Hace siete años, en Texcaltitlán, Estado de México, aparecieron las primeras señales de que el crimen organizado había llegado al pueblo.
Eran papeles blancos del tamaño de un billete doblado que muchachos menores de 18 años entregaron a vendedores del tianguis tradicional El Tixca para avisarles que La Nueva Familia Michoacana requería una “cooperación” para vigilar la periferia del municipio de otro supuesto cártel que llegaba desde Guerrero.

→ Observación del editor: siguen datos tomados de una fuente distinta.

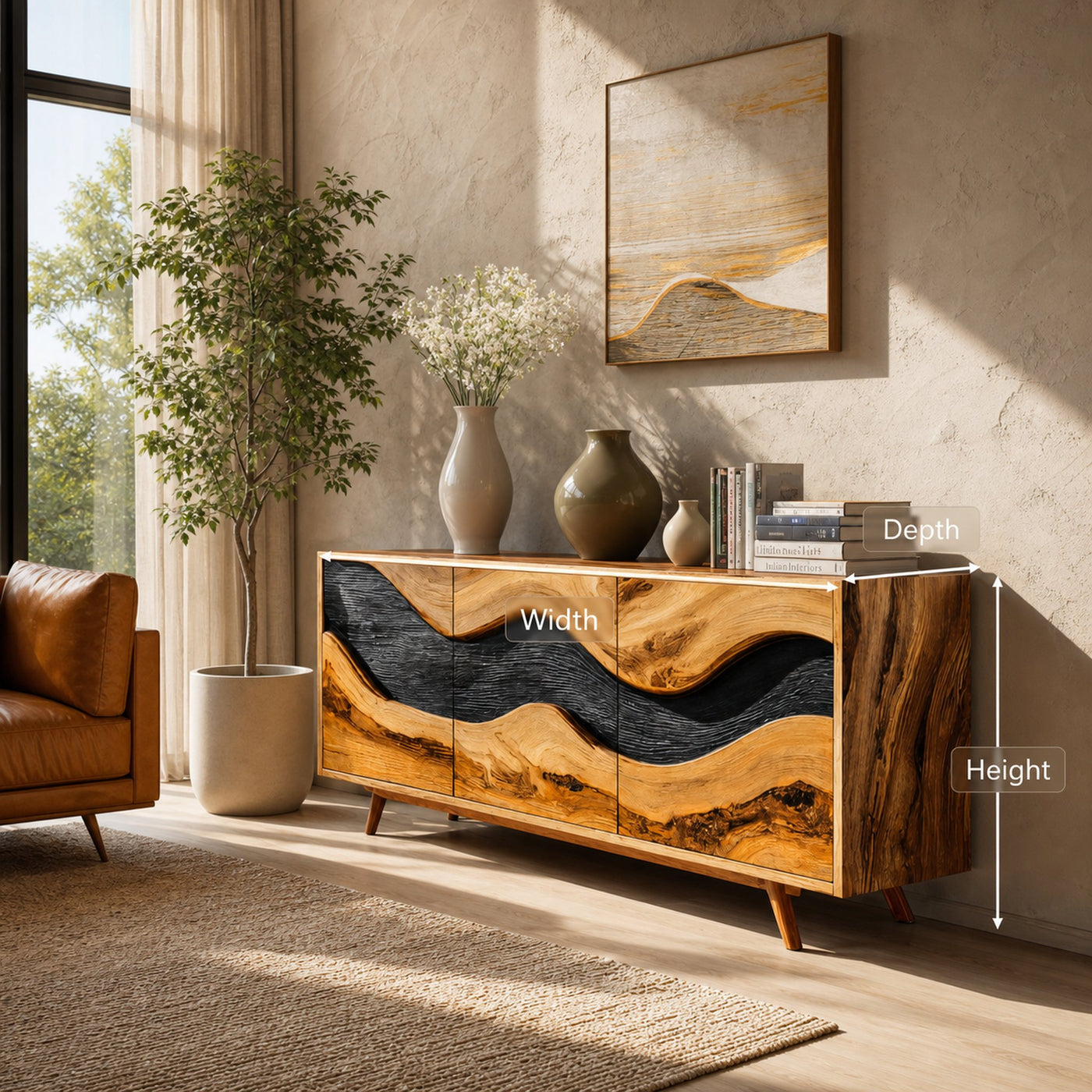 Rustic Handcrafted Wave Sideboard For Living Room - product view 6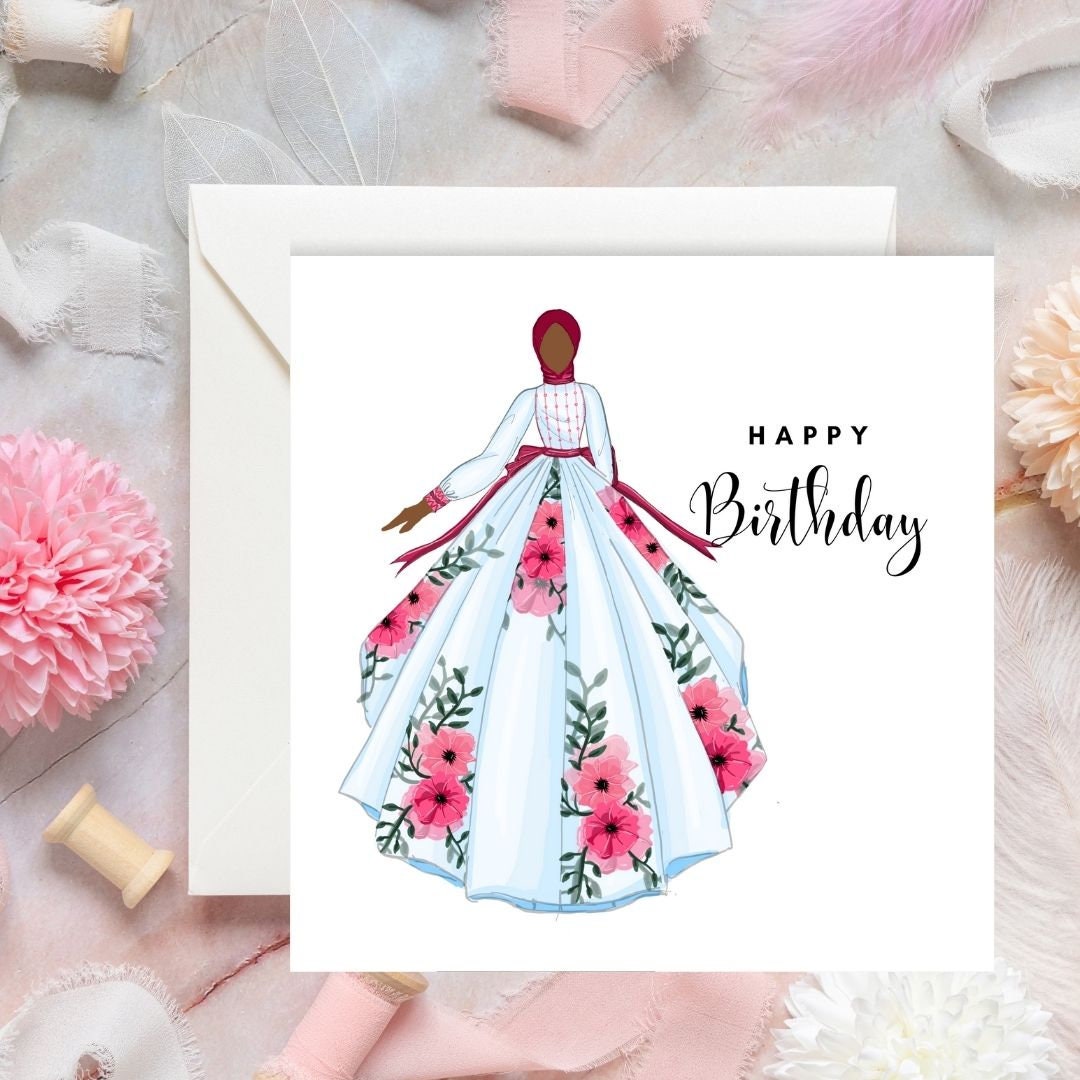 Muslim Woman card, Hijabi Birthday Greeting card, Muslim Greeting Card, Arabic greeting card for women, Asian brown Skin tones, Hijabi Woman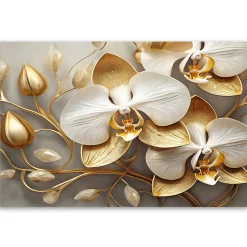 Feeby Obraz, Orchidea glamour złoty 60x40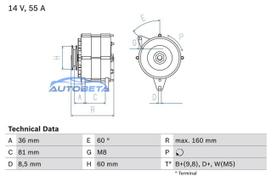 Alternatoris Ford Escort Orion Fiesta Alternatoris 60A 90A 6002 6051 6102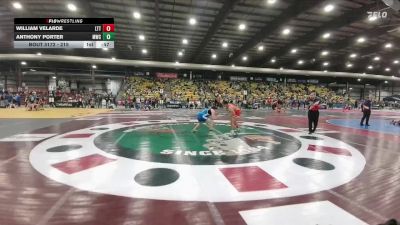 215 lbs Cons. Round 1 - William Velarde, Lander Tiger Tough vs Anthony Porter, Mandan Wrestling Club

Cuatro habitantes del municipio contaron a MILENIO, bajo condición de anonimato, que dos pequeños sellos en esos papeles con un teléfono celular al que debían llamar para pactar con esa “nueva” organización criminal y que años después se volverían los símbolos del terror en Texcaltitlán y alrededores del sur del Estado de México: un pez y una fresa, en alusión a los apodos de dos hermanos, los Hurtado Olascoaga, quienes se erigían como los continuadores del trabajo criminal que empezó a principio de este siglo Nazario Moreno González, alias San Nazario o El Más Loco.
“Primero, empezaron con cosas sencillas. Pedían 100 pesos por cada puesto y se cobraba los martes en la plaza principal”, narra uno de los informantes. “Y aceptamos porque este pueblo no es de pleito y queríamos la fiesta en paz. Ahí nos equivocamos: una vez que dimos el primer pago, nos condenamos”.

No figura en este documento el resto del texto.